Osmosis in cells

The results of osmosis are different in plant and animal cells.

Plant cells

Plant cells have a strong cellulose cell wall on the outside of the cell membrane. This supports the cell and stops it bursting when it gains water by osmosis.

A plant cell in a dilute solution (higher water potential than the cell contents)

Water enters the cell by osmosis. The cytoplasm pushes against the cell wall and the cell becomes turgid.

Water entering the cell by osmosis inflates the cell and makes it rigid

A plant cell in a concentrated solution (lower water potential than the cell contents)

Water leaves the cell by osmosis. The cytoplasm pulls away from the cell wall (plasmolysis) and the cell becomes flaccid and the plant wilts.

Loss of water makes the cell limp and shrinks the cell membrane

Turgid plant cells play an important part in supporting the plant.

Animal cells

Animal cells do not have a cell wall.
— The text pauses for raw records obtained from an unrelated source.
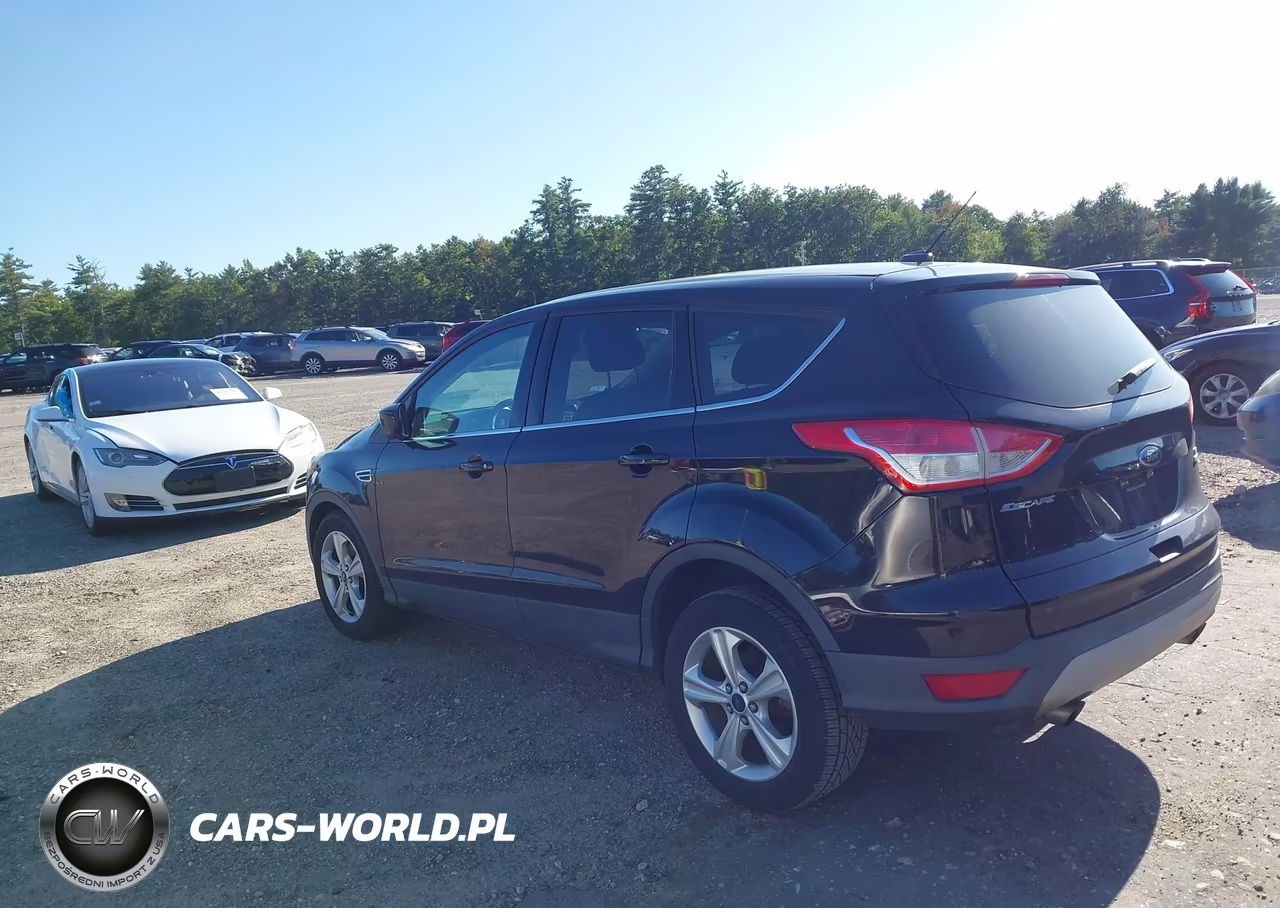2016 Ford Escape Se VIN:1FMCU9GX7GUB75319 - 3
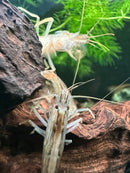 A translucent striped bamboo shrimp with long antennae resting on dark wood in an aquarium setting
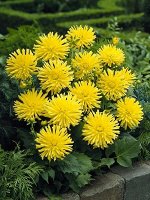Георгина бордюрная Yellow Hapiness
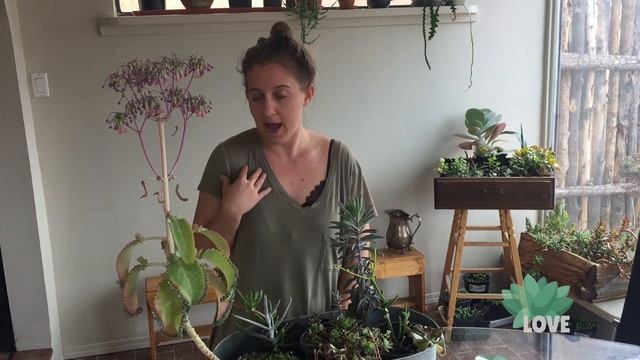 My Kalanchoe Mother of Thousands succulent plant is blooming смотреть онлайн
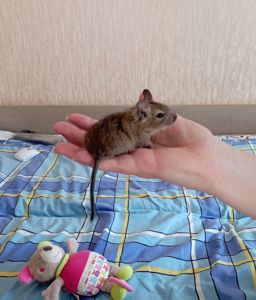 Дегу белочки
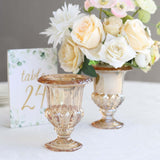 2 Pack Amber Glass Pedestal Flower Vases in Classic Roman Urn Style, 6inch Mini Floral Vase Table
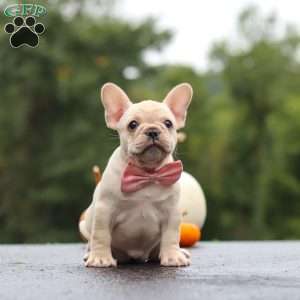 Shiloh, French Bulldog Puppy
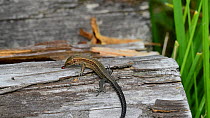 Juvenile Viviparous lizard (Zootoca vivipara) predating an insect on a log, Belgium, September.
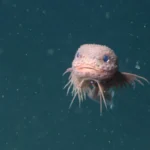 A pink bumpy snailfish was just discovered miles beneath the ocean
They change size and shape when put into solutions that are at a different concentration to the cell contents.

For example, red blood cells:

  • gain water, swell and burst in a more dilute solution (this is called haemolysis)
  • lose water and shrink in a more concentrated solution (they become crenated or wrinkled)

These things do not happen inside the body. Osmoregulation involving the kidneys ensures that the concentration of the blood stays about the same as the concentration of the cell contents.